Once your ex reveals that he has no romantic regrets and interest in reconnecting as partners, you’ll feel rejected once more and find it even harder to detach and heal. On top of that, you’ll blame yourself for displaying unappealing traits and pushing your ex further away.

That’s why you must be extra careful not to break no contact for no reason or for reasons only you care about. You must remember that any attempts to change your ex’s feelings and reconcile will disrupt your ex’s relief/elation stage and increase the chance of receiving unwanted responses. Those responses will likely affect your self-esteem, guilt, and healing.

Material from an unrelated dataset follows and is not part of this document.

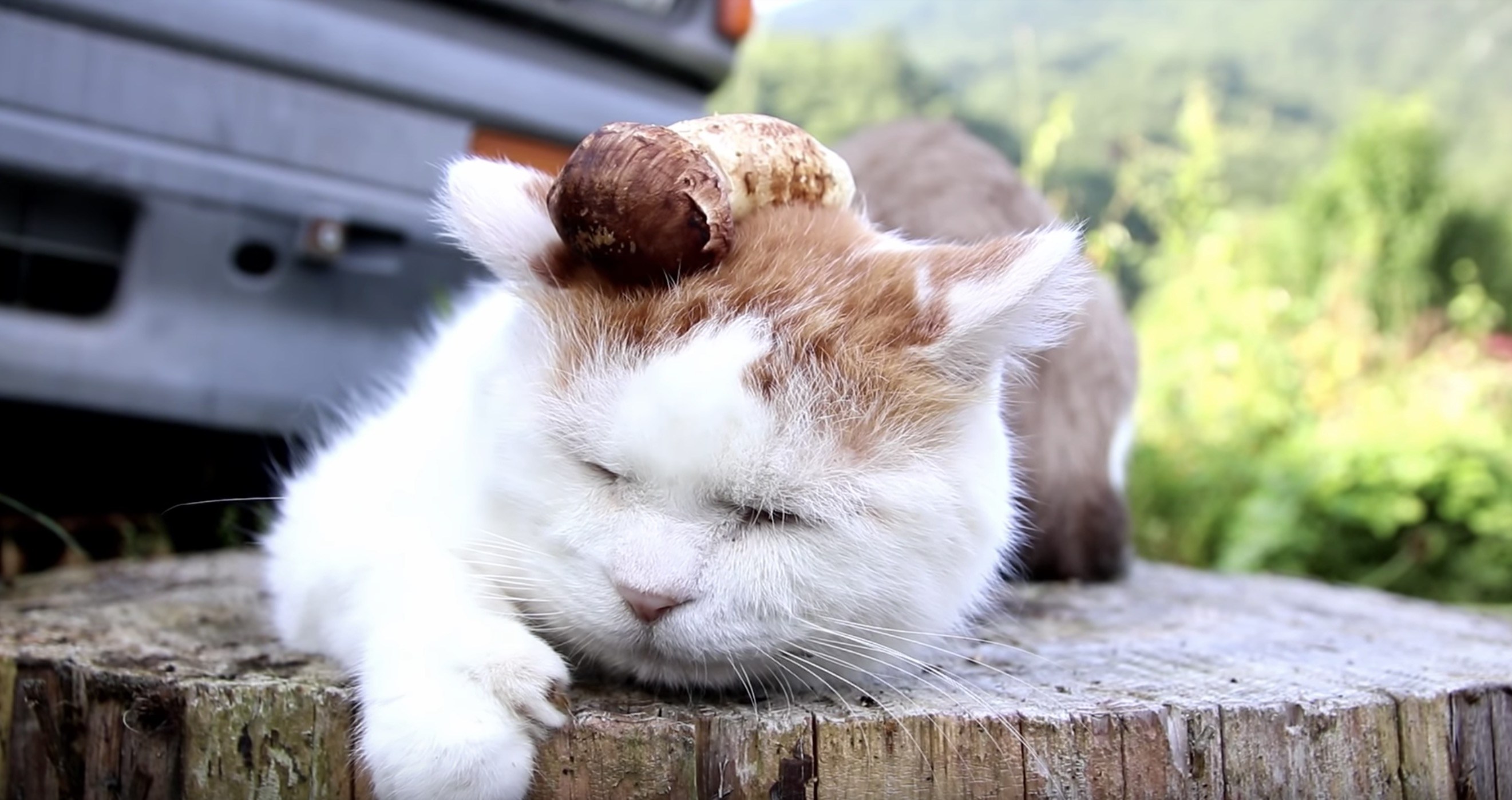 松茸を頭に載せた茶白猫、寝顔で伝える秋の訪れ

If you’re not ready for that to happen, you shouldn’t break no contact and hope for the best. You should remember that dumpers need space and that they will likely react negatively if they feel pressured to do things they don’t want to do. Dumpers don’t feel connected to dumpees and have no romantic expectations. That’s why they respond honestly and brutally when dumpees need them the most.

So consider the consequences of breaking no contact when you feel a strong urge to receive your ex’s care and affection. Think about how your ex will feel if he isn’t ready to talk—and also how you will feel. If things don’t go how you want them to go, you could get seriously hurt. So much so that you fall into depression and need professional help to get out of it.

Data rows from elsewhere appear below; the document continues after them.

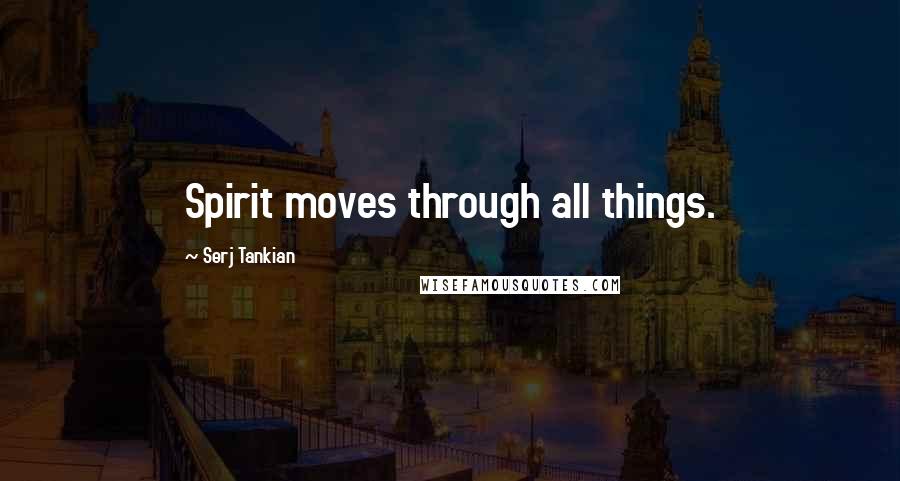 Serj Tankian Quotes: Spirit moves through all things.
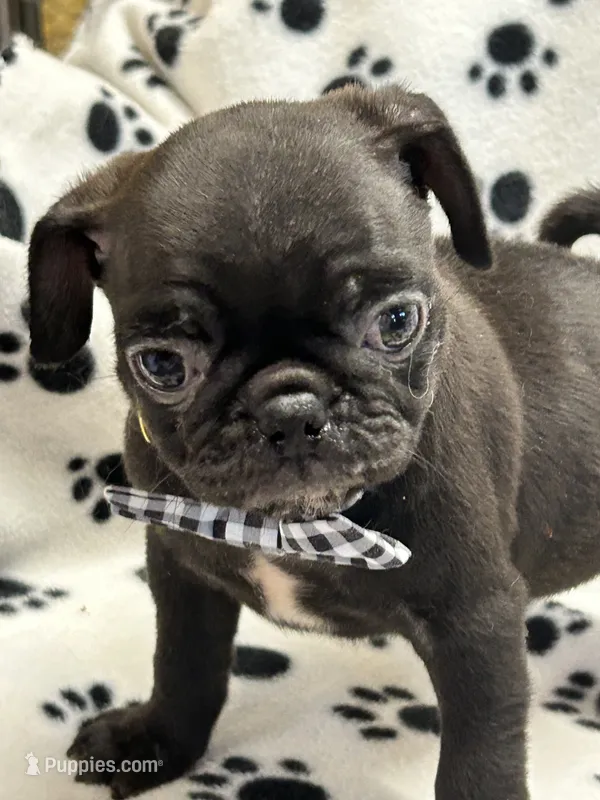 Patrick – Pug puppy for sale in Sawyer, OK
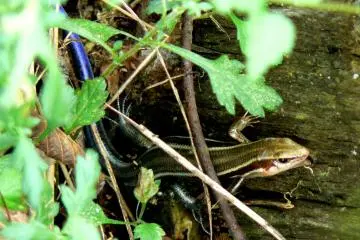Blue tailed lizard
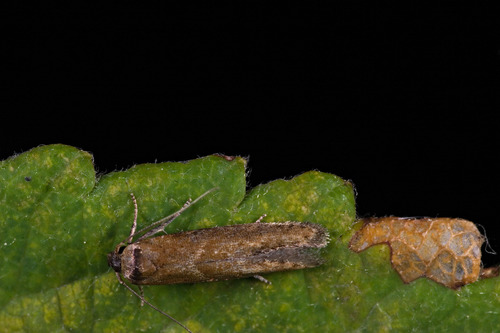 Blastobasis maroccanella Amsel, 1952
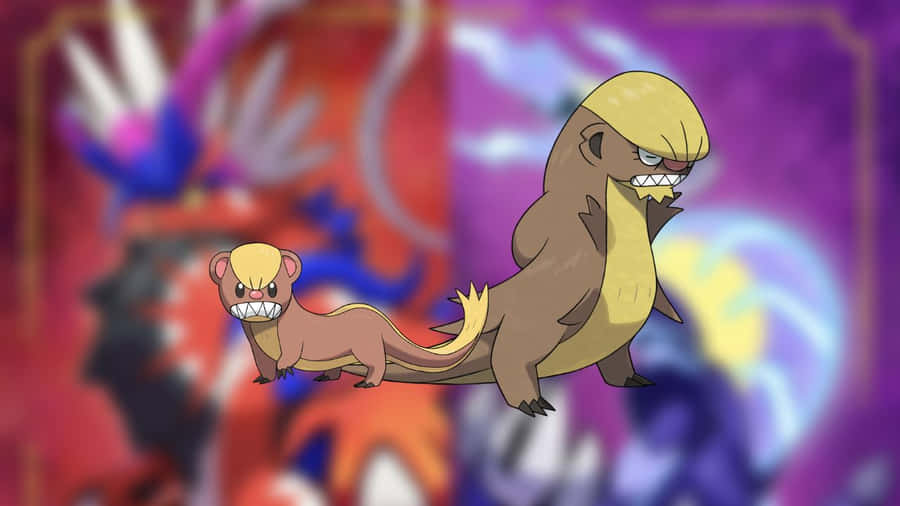 Yungoos And Gumshoos Wallpaper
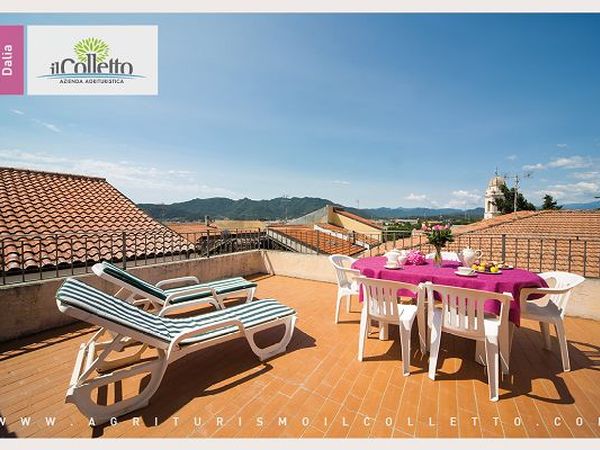 Il Colletto Azienda Agrituristica - foto 18873.jpg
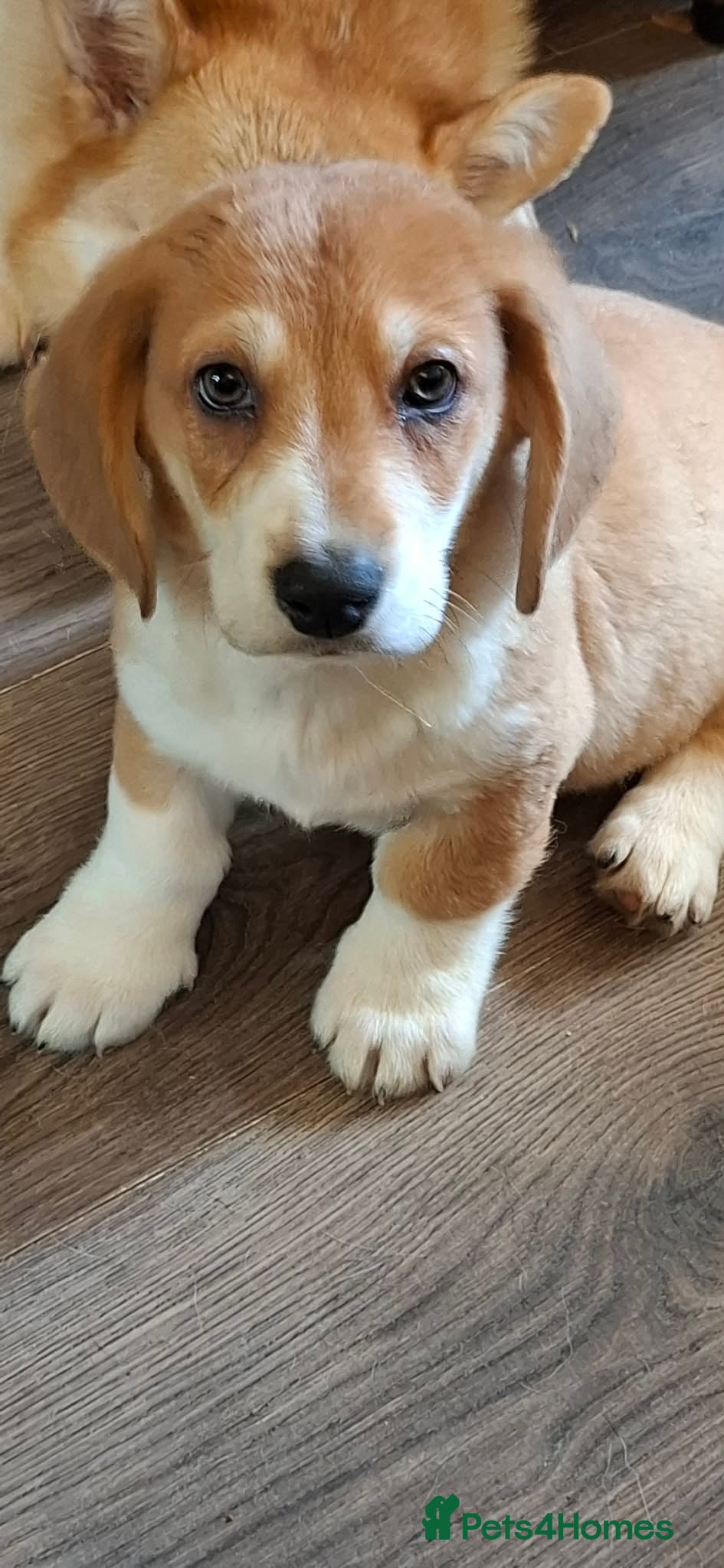 Mixed Breed dogs Beautiful Corgi cross basset pups 🐾 - Advert 2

However, if you’ve already broken no contact and received a neutral or positive response, then you may want to handle the situation confidently and get the most out of it. Provided you’re still talking, catch up quickly and avoid asking questions whose answers you don’t want to hear. Don’t ask your ex if he is dating anyone and if your ex is happy.

Even if your ex’s dating life is all you think about, you don’t want the truth to that question. The truth could destroy your hope and seriously hurt you. It’s better to refrain from asking private questions and remain oblivious. Ignorance is bliss, whereas information about your ex’s life releases crazy amounts of cortisol into your brain.

It makes you question your worth and purpose.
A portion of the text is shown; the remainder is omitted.